The first issue on appeal was whether defendant could be held liable under the theory of respondeat superior. “[U]nder the doctrine of respondeat superior, an employer may be held vicariously liable for torts committed by its employee within the course and scope of his or her employment.” (internal citation and quotation omitted). If, however, an employee “steps or turns aside from his employer’s work or business to serve some purpose of his own, unconnected with the employer’s business,” the doctrine will not apply. (internal citation and quotation omitted). The Court ruled that the facts of this case “do not support the inference that [Armstrong] was engaging in activity that benefitted [defendant] at the time of the accident or that her employment created the necessity to travel to retrieve coffee for a friend.” The Court concluded that Armstrong was “not acting within the scope of her employment when she left her place of employment to pursue a personal errand unrelated to work.” Further, the argument that she could still technically be called into work had no bearing on this ruling, as the Court reasoned that it had previously “declined to extend liability to employers in circumstances when an employee was ‘on call,’ rather than actively completing tasks for the benefit of his or her employer, at the time that the employee caused tortious harm.” (internal citation omitted).

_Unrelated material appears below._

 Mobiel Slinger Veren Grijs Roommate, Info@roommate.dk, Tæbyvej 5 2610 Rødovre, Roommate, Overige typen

Second, the Court considered plaintiff’s negligent hiring claim. “[A] claim of negligent hiring arises only when a particular unfitness of a job applicant creates a danger to others which the employer should have known.” (internal citation and quotations omitted). Pointing to the facts that the drug screen and background check came back clear and that Armstrong signed the company’s drug-free workplace policy, the Court found that defendant “had no knowledge of or reason to know that hiring [Armstrong] would pose such a risk.” In addition, the Court ruled that plaintiff failed to show that defendant’s hiring of Armstrong was the proximate cause of her injury, as “the hiring of an employee is not the proximate cause of his acts committed outside the scope of employment.” (internal citation and quotations omitted).
Third, the Court analyzed plaintiff’s negligent supervision claim. The Court pointed out that, as part of this claim, plaintiff had to “demonstrate that [defendant] could foresee, or through the exercise of reasonable diligence should have foreseen, the general manner in which the injury or loss occurred.” (internal citation and quotation omitted). In this case, Armstrong’s “employment record with [defendant] offered no indication of a propensity for drug use or intoxication at work.” While defendant appeared tired when relieved that morning, she had just worked an overnight shift and had had an appropriate amount of time off before the overnight. During Armstrong’s tenure with defendant, there were no complaints or problems indicating that she might have a substance abuse problem, and the Court thus affirmed the finding that plaintiff’s “injuries were not reasonably foreseeable by [defendant].”
Finally, the Court briefly noted that this case failed on a general negligence claim as well. The Court pointed out that “no liability attaches to an employer when its employee causes an automobile accident after leaving the place of employment in a known intoxicated state, absent a showing that an employer in some way contributed to its employee’s intoxication.” (internal citation omitted). Here, Armstrong was driving on a public road in her own vehicle, and she had left her place of employment early without express permission. Nothing in her employment record indicated that she was at risk of substance abuse, and there had been no previous “red flags.” Accordingly, defendant “could not reasonably foresee that [Armstrong] would injure [plaintiff] in an automobile accident after she left the workplace.”
Based on the facts presented here, pinning liability on the employer, in this case, was unlikely.
NOTE: To aid lawyers in giving clients guidance about how long it takes to receive an opinion after oral argument in the appellate courts, we are going to start sharing that information with readers. Please understand that the length of time that elapses between oral argument and the date the opinion is released is dependent on a multitude of factors, not the least of which is the complexity of the issues presented. In this case, the opinion was released less than three months after oral argument.